Problem details> Would you please retype, exactly, the lines of the listing below between the line with "RARE Adidas Wide" and the line with "Leederville Station to Clarkson map", inclusive?

===== Records supplied =====

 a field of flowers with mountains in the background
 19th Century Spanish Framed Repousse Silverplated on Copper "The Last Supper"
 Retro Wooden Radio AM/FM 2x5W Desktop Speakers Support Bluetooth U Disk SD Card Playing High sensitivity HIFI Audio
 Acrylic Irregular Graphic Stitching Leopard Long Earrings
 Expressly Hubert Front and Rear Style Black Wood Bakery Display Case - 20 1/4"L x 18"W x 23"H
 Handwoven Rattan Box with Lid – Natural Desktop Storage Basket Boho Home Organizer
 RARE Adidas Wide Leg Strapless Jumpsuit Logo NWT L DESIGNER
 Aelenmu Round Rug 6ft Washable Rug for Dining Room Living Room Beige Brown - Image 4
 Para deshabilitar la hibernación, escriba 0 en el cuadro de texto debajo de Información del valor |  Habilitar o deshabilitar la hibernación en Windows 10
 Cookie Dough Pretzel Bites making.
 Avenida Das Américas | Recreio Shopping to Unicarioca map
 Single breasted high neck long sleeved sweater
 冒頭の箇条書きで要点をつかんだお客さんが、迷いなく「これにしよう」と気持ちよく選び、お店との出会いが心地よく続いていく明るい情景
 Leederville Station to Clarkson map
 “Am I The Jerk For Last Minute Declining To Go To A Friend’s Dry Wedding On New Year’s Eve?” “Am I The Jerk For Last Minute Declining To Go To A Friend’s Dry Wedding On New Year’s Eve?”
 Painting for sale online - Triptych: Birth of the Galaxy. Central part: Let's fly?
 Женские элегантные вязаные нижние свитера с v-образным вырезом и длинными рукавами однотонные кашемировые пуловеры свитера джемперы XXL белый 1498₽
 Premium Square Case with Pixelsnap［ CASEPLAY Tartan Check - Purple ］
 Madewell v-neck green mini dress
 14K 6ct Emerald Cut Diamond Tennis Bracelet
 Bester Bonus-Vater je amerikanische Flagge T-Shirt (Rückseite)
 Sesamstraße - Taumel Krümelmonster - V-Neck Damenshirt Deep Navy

=====

Solution>
 RARE Adidas Wide Leg Strapless Jumpsuit Logo NWT L DESIGNER
 Aelenmu Round Rug 6ft Washable Rug for Dining Room Living Room Beige Brown - Image 4
 Para deshabilitar la hibernación, escriba 0 en el cuadro de texto debajo de Información del valor |  Habilitar o deshabilitar la hibernación en Windows 10
 Cookie Dough Pretzel Bites making.
 Avenida Das Américas | Recreio Shopping to Unicarioca map
 Single breasted high neck long sleeved sweater
 冒頭の箇条書きで要点をつかんだお客さんが、迷いなく「これにしよう」と気持ちよく選び、お店との出会いが心地よく続いていく明るい情景
 Leederville Station to Clarkson map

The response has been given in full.